The myth was mentioned in "The Marching Morons", a 1951 short story by Cyril M. Kornbluth.

In 1955, Disney Studio illustrator Carl Barks drew an Uncle Scrooge adventure comic with the title "The Lemming with the Locket". This comic, which was inspired by a 1953 American Mercury article, showed massive numbers of lemmings jumping over Norwegian cliffs.

Perhaps the most influential and infamous presentation of the myth was the 1958 Disney film White Wilderness, which won an Academy Award for Documentary Feature and in which producers threw lemmings off a cliff to their deaths to fake footage of a "mass suicide", as well as faked scenes of mass migration.
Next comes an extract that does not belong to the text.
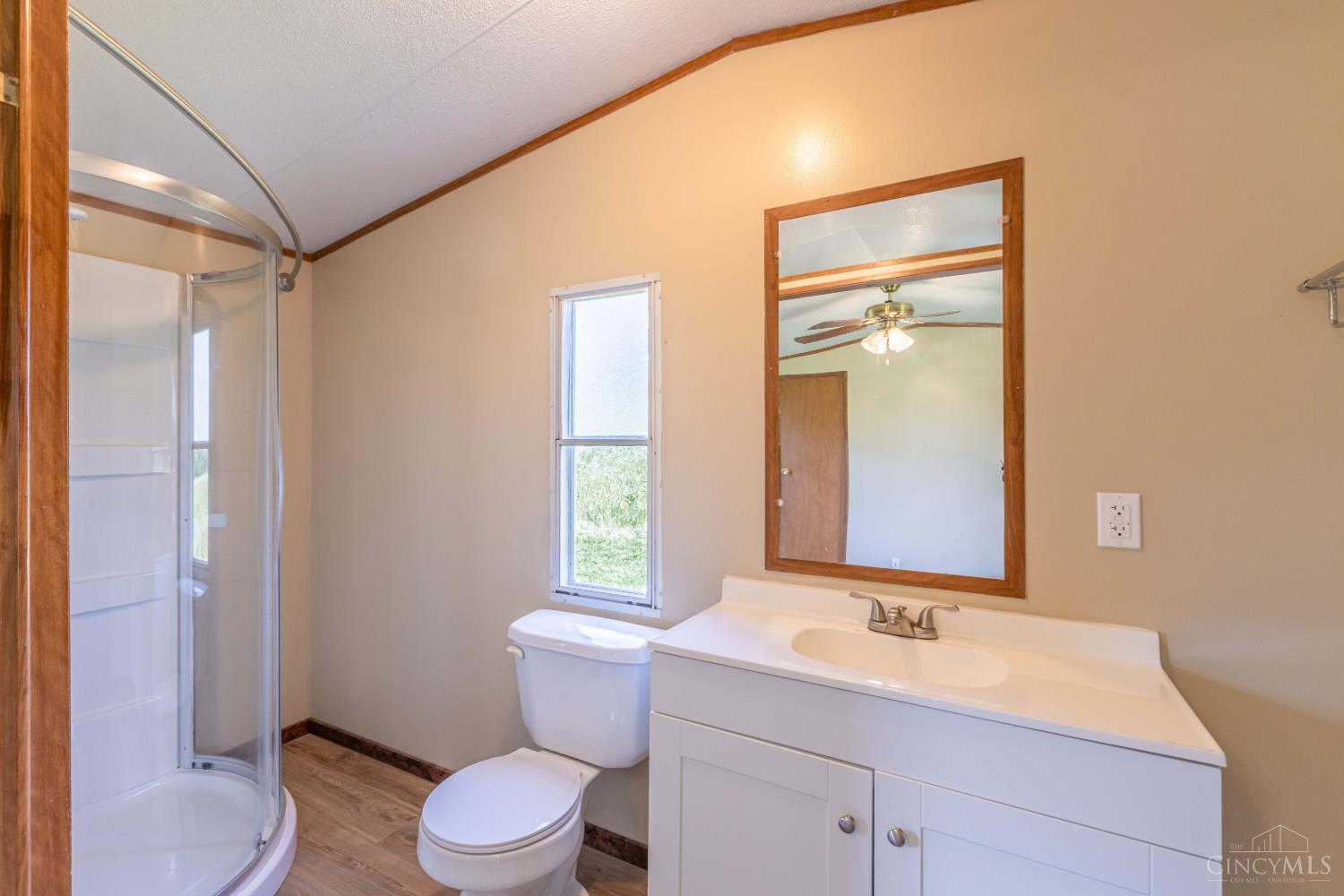 1201 Old State Road Manchester, OH 45144 - Photo 21 of 37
A Canadian Broadcasting Corporation documentary, Cruel Camera, found the lemmings used for White Wilderness were flown from Hudson Bay to Calgary, Alberta, Canada, where, far from "casting themselves bodily out into space" (as the film's narrator states), they were, in fact, dumped off the cliff by the camera crew from a truck. Because of the limited number of lemmings at their disposal, which in any case were the wrong subspecies, the migration scenes were simulated using tight camera angles and a large, snow-covered turntable.

In the animated Disney film Zootopia (2016), lemmings are employed as investment bankers of Lemmings Brothers, named after the bank that went bankrupt in 2008.